The Photographer looks at me.
I look at her.
She grips my fingers.
I dig my boots into the earth.
-
At once, suddenly from nowhere, there's a flash.
The Giant-King recoils.
"What?" he cries, incredulous. His eyes are wide.
Hopelessness raises his sword.
"It can't be!" screams the creature. His mouth opens in shock. Then, before any of the others can react, the photograph, the hope, the same Hope I have carried, explodes into life; sparks of electricity in all directions fly like lightning bolts, flashing, burning, dancing around between his terrible fingers.
He panics. His eyes land upon me with hatred, terror and disgust. But it's already too late! He can't let go. The blinding lightning leaps from hand to hand, from finger to finger. A bolt jumps out and strikes him in the chest. He stumbles backwards, causing the earth to shake as he roars in agony.

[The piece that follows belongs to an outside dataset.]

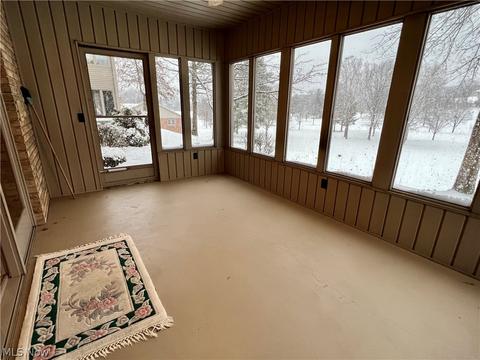 215 Pinehurst Dr, Dover, OH 44622 photo 28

In a rush the other giants race to help but as they grow closer, the light strikes them. Uselessness gets a bolt in the eye, Loneliness lets her bow fall once more the to the ground, and Hopelessness shouts in agony. From giant-to-giant the photograph strikes, rippling blue lightning around the circle.

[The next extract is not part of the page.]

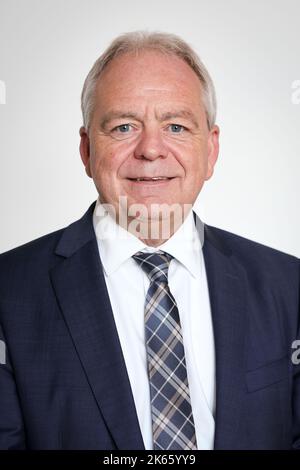 02. September 2022, Schleswig-Holstein, Kiel: Jörg Sibbel (CDU), Staatssekretär im Innenministerium Schleswig-Holsteins, bei einer Fotogelegenheit am Rande einer Sitzung des Landtags Schleswig-Holstein im Landtag. Foto: Christian Charisius/dpa Stockfoto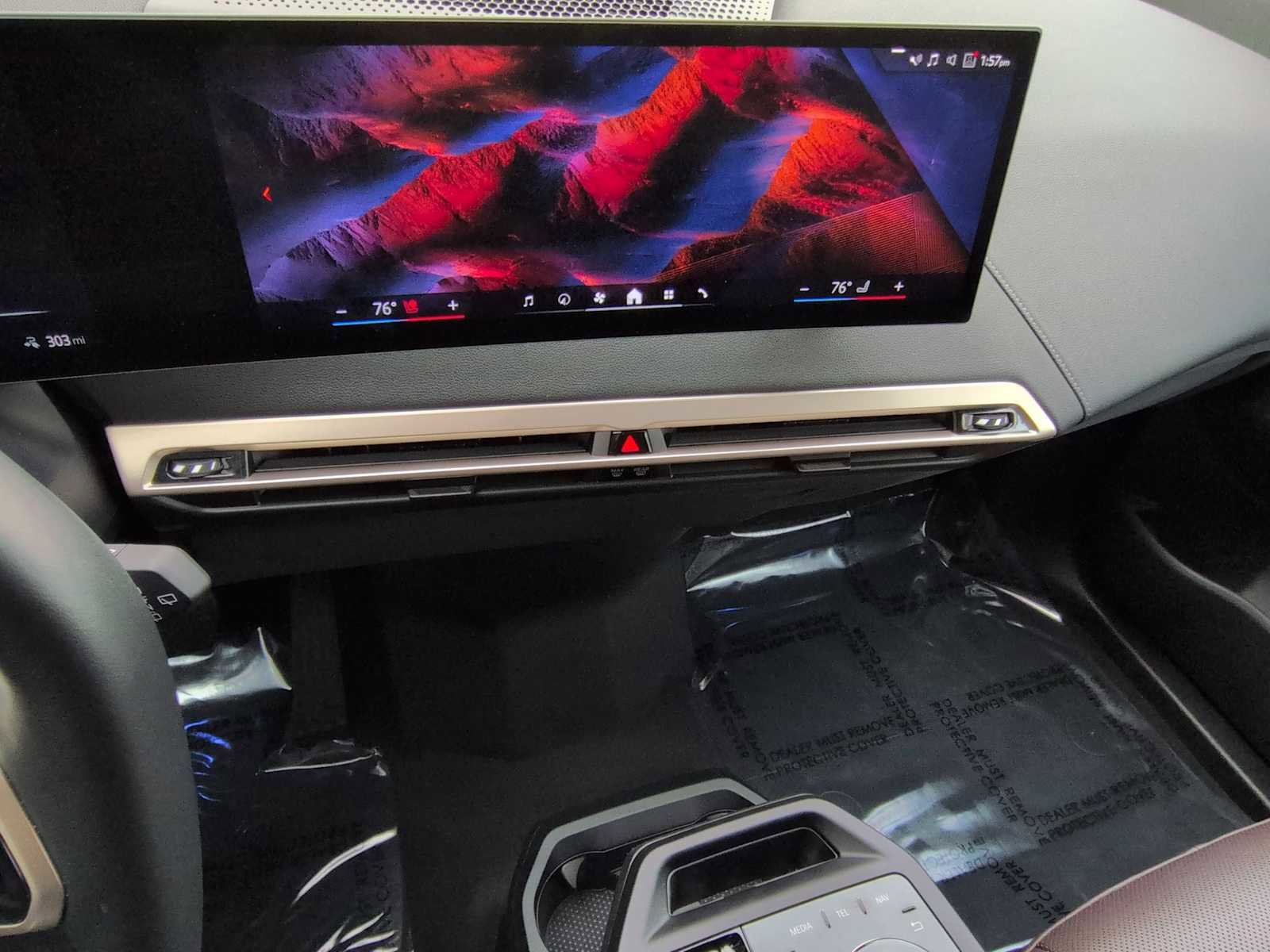 Certified 2025 BMW iX xDrive50 w/ Premium Package image 29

"Aaaagh! How can it... argh," they cry. Fire leaps between them, a storm of hope, blackening and charring their terrible forms, again and again, bolt after bolt.
We stand and we watch.
Thunder claps loudly above us and we roll to the ground.

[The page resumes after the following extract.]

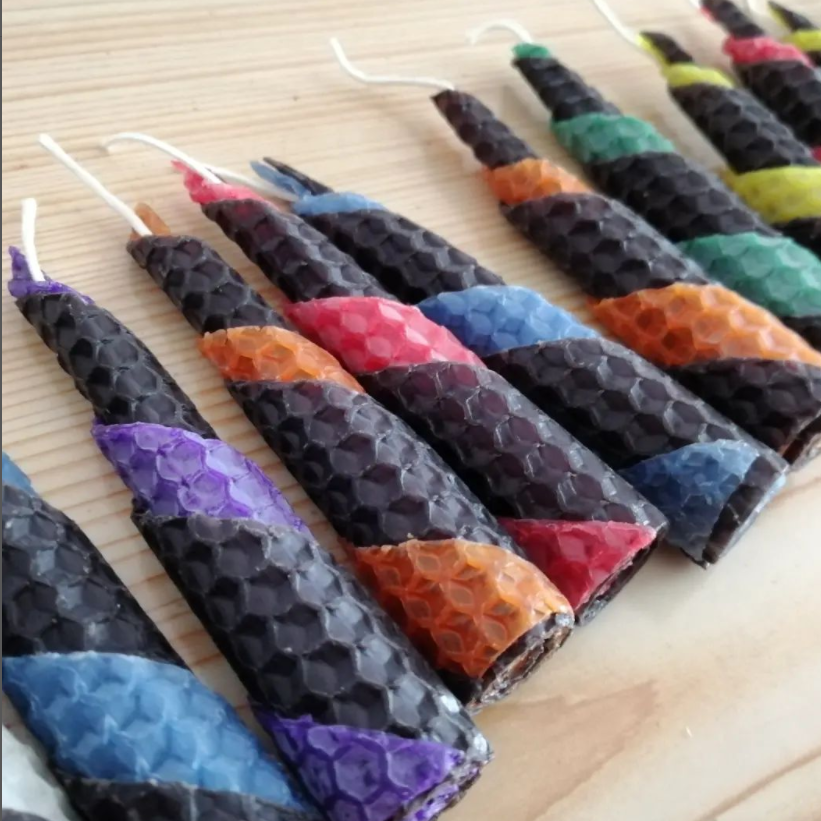 CosmicUnicorn1's tweet photo. These are our handmade beeswax spiral spell candles. We make them in double or triple colours of your choice and in several sizes.
See the full range at https://t.co/06AScTKqDF

#spellcandles #wiccanmagic #magick #wicca #spell https://t.co/nYqccoLfP2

One-by-one the earth shakes as the four final giants tumble and roll to the floor, burned from the inside out, screaming in pain as the lightning streams.
For the longest time, the noise is unbearable. Thunder, fire and smoke. They writhe, each of the four great carcasses shuddering in final despair and agony.
And then nothing.
They are.
Gone.
We stand.
A small square of old photographic paper flutters from the sky and lands on the earth near my feet. I scoop to pick it up, and rise, shaking my head in disbelief.
"You will always have hope, Matt," whispers the Photographer. And she throws back her head, her hair tumbling behind her, and laughs into the sky.
"What... happened?" I say bewildered.
She smiles, sweetly and kisses me once on the cheek.
-
The rain falls steadier now, from the downpour that followed the storm. We wander through the blackened stalks of the trees where the forest once was. Steam rises as though it were the misty morning of a new dawn.
"So, the Maker knew... all along?" I asked. Rain drips through the scarred branches.
"Of course! He knew that Hope was in you. He put it there!"
"And I was trying to hold on to... something," I said, laughing. She slipped a wet hand into mine.
"We all are, Matt," she said. "But when you surrender Hope to the Maker of Hope, then He'll always be with you. It's who He is. That's why you couldn't see the photograph until the end. You had to give up the thing that you were clinging on to."
The rain is stopping. A delicate smell of earth and ash fills the forest and somewhere, for the first time in what has felt like forever, a bird begins to sing.
A shaft of sunlight falls through the trees. It catches the Photographer and lights her face and her hair with a golden glow. Her eyes glisten as she turns and smiles at me.
In the distance, we hear the balloonists cry to each other through the woods as they find each other. "What ho!"... "I say, you made it!" they beam, their voices carrying through the trees.
The Photographer and I laugh together and hold hands as we pick our way through the trees.
"Is it time then?" I ask.
She nods silently. Then with the softest of glances, she looks back and beckons me to follow her.
There, walking through the smoldering trees, bathed in the evening light of the cool of the day is a figure I know, whom I instinctively know somehow from the deepest of my dreams. The sun, now beaming through the canopied wood falls upon him as though he were drawing it towards himself, and reflecting it throughout the recovering world.
He smiles.
Together we walk towards him, and together, the Photographer and I, we leave the Valley of the Four Giants finally, behind us.